▶ [Work to be completed]: The listing below contains a span that opens with the line containing "durante a elaboração do PPRA." and closes with the line containing "neste campo incluindo". Return that span exactly.

▶ [Data extracts]:
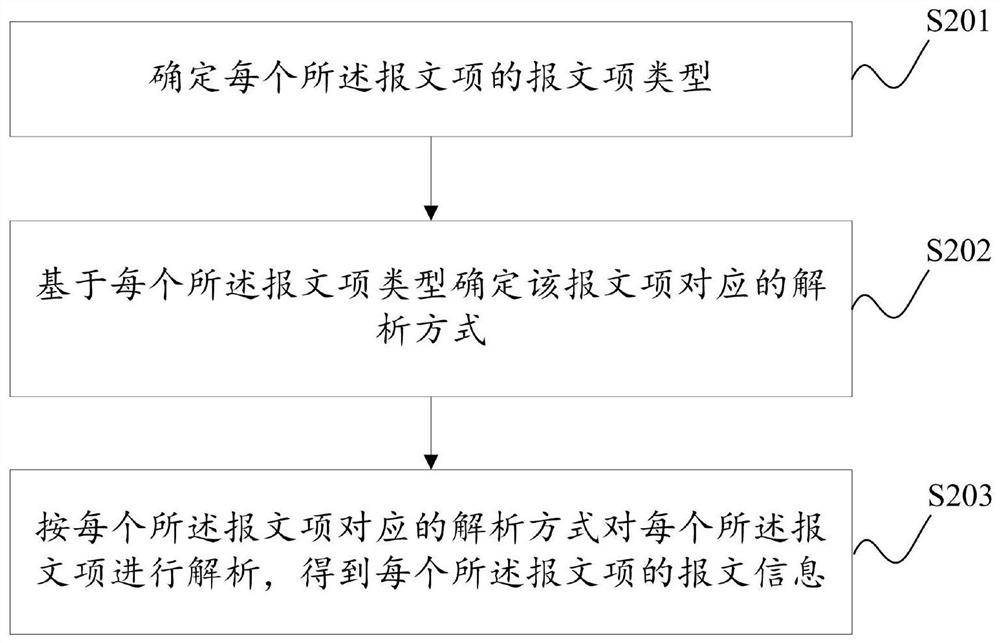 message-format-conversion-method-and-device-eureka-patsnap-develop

--

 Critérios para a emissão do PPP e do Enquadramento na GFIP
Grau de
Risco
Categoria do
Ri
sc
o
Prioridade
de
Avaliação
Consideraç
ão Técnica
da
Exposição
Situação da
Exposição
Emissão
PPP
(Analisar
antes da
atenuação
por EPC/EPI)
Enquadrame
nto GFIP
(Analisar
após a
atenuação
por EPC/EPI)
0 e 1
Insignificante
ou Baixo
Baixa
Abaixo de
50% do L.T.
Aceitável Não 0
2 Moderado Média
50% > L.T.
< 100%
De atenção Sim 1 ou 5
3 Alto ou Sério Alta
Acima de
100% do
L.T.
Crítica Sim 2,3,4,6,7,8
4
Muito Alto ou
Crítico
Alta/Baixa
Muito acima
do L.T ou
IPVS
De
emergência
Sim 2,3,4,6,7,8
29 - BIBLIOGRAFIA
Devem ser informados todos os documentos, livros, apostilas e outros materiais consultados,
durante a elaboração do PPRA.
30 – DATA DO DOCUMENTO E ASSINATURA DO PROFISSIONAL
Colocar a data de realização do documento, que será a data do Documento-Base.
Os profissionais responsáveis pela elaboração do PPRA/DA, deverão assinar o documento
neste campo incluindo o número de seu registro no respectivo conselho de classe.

---

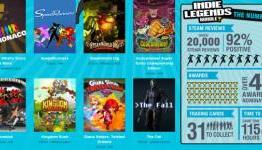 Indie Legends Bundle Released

▶ [Solved exercise]:
durante a elaboração do PPRA.
30 – DATA DO DOCUMENTO E ASSINATURA DO PROFISSIONAL
Colocar a data de realização do documento, que será a data do Documento-Base.
Os profissionais responsáveis pela elaboração do PPRA/DA, deverão assinar o documento
neste campo incluindo o número de seu registro no respectivo conselho de classe.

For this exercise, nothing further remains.